Wednesday, August 26, 2009

Children Need to Experience Difficulties

I think every child/teen should get to experience what my 15 year old did last week. He was able to experience something that most of us will never have the opportunity to—and frankly, knowing the details, would probably choose not to.

The truth is we are a spoiled people. We are so used to convenience; instant cash, coffee, food, and the list goes on; and being handed things, that we hardly know what it is to go without. After all, if we have to wait more than 3 minutes for our fries, how many of us are quick to complain? Or if our beloved gadget breaks, how many of us have almost a nervous breakdown?

My son had to go through eight days without his modern conveniences. He was without his Xbox, guitar, cell phone and access to his family and friends. He didn’t get to sleep in until his usual time of Noon. Instead, he was woken every morning at 5 a.m. And it wasn’t by his sweet mother (yes, that’s me) delivering him a bowl of cereal. No, it was it to lights being turned on and shouts of having 10 minutes to brush your teeth and get dressed.

In case you don’t know, my son belongs to an organization called Civil Air Patrol, which is the official civilian auxiliary of the United States Air Force. The cadet program provides opportunity for growth in leadership, promotions and education in aviation. He has learned about integrity, respect and obedience to those in authority. It has made a real difference in his character.

On Friday, August 21st he graduated from Civil Air Patrol’s summer encampment. It was a nine day (for him only eight days since we got an early release for him) introduction to the structure and mission of both the U.S. Air Force and CAP within a military atmosphere. Part of the learning experience was hands-on activities that were designed to promote teamwork, along with developing their social and leadership skills.

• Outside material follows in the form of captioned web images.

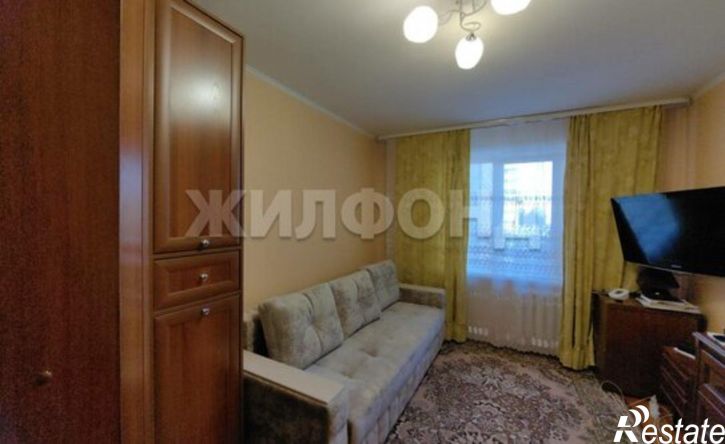 4-комн квартира улица Матросова, 10,  д. 10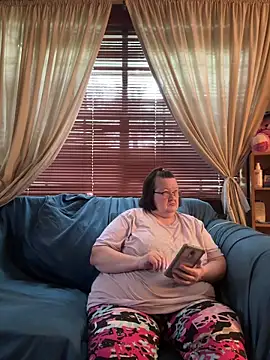 Bayou Woman68 online show from 04/30/26, 05:53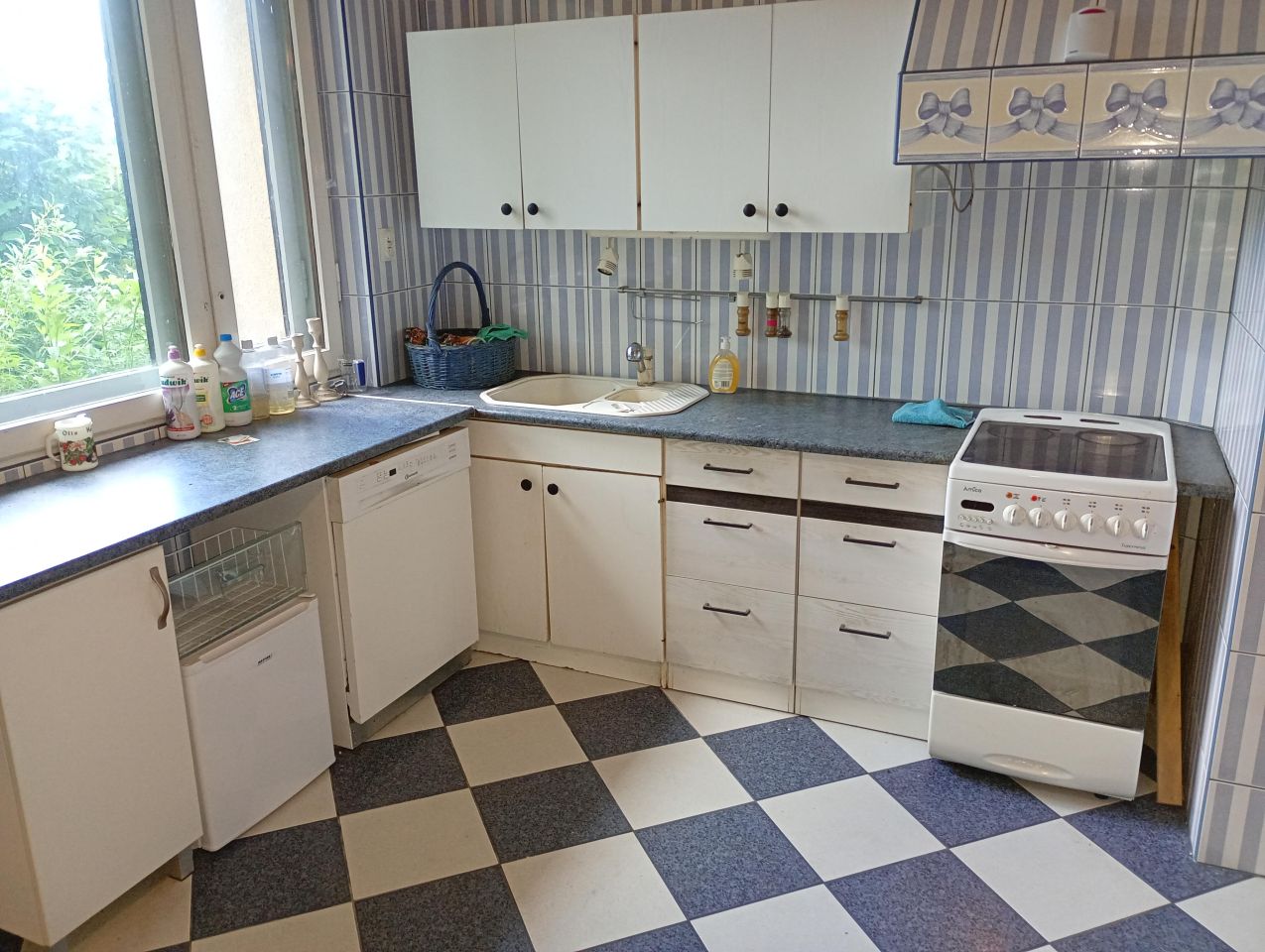 dom wolnostojący, 7 pokoi Szczecin Gumieńce, ul. Poronińska. Zdjęcie 9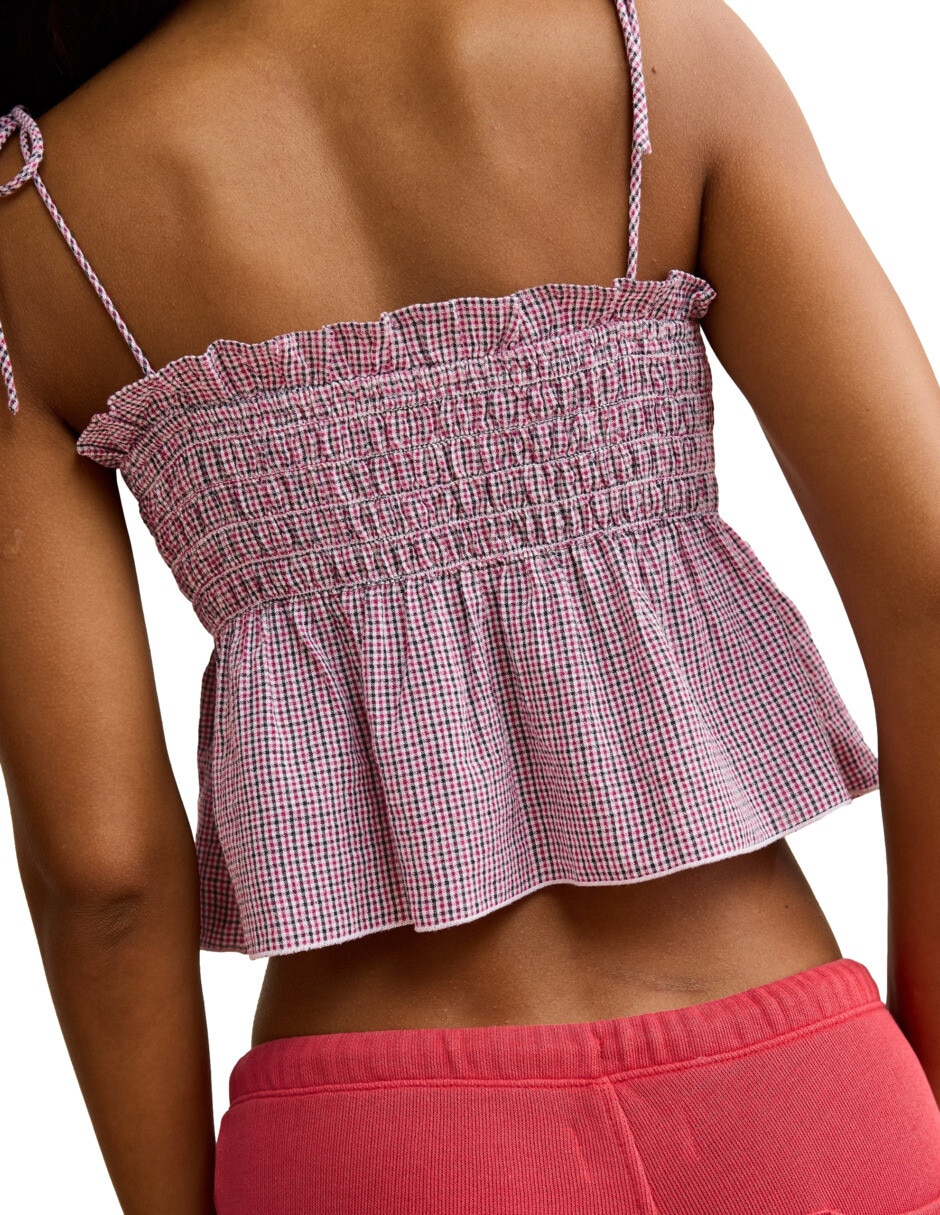 Top cuello abierto escote cuadrado tirante delgado 3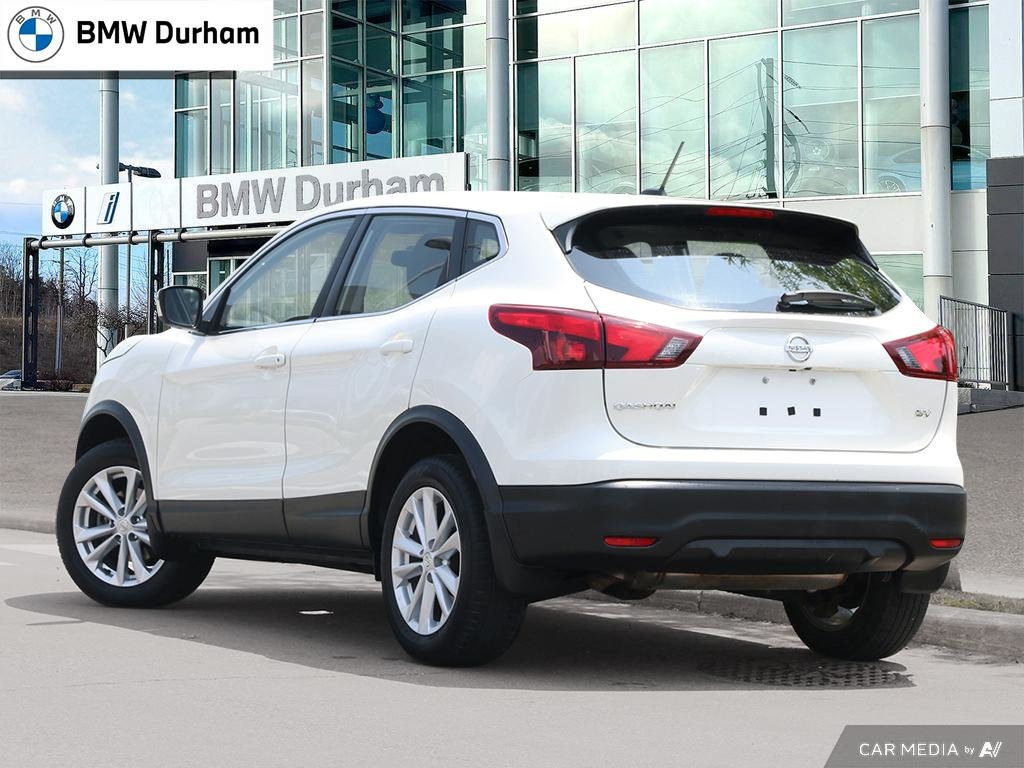 2017 Nissan Qashqai SV FWD CVT in Ajax, Ontario at Lakeridge Auto Gallery - 4 - w1024h768px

My husband and I had driven the 8 ½ hours it took to get to Little Falls, Minnesota so we could enjoy the graduation ceremonies. My first glimpse of him, after a long eight days without any word from him, was as he was in formation. His “flight” marched in preparation for the Pass & Review parade. I took one look at his face and I was shocked to see utter exhaustion. I had never seen him look so incredibly tired.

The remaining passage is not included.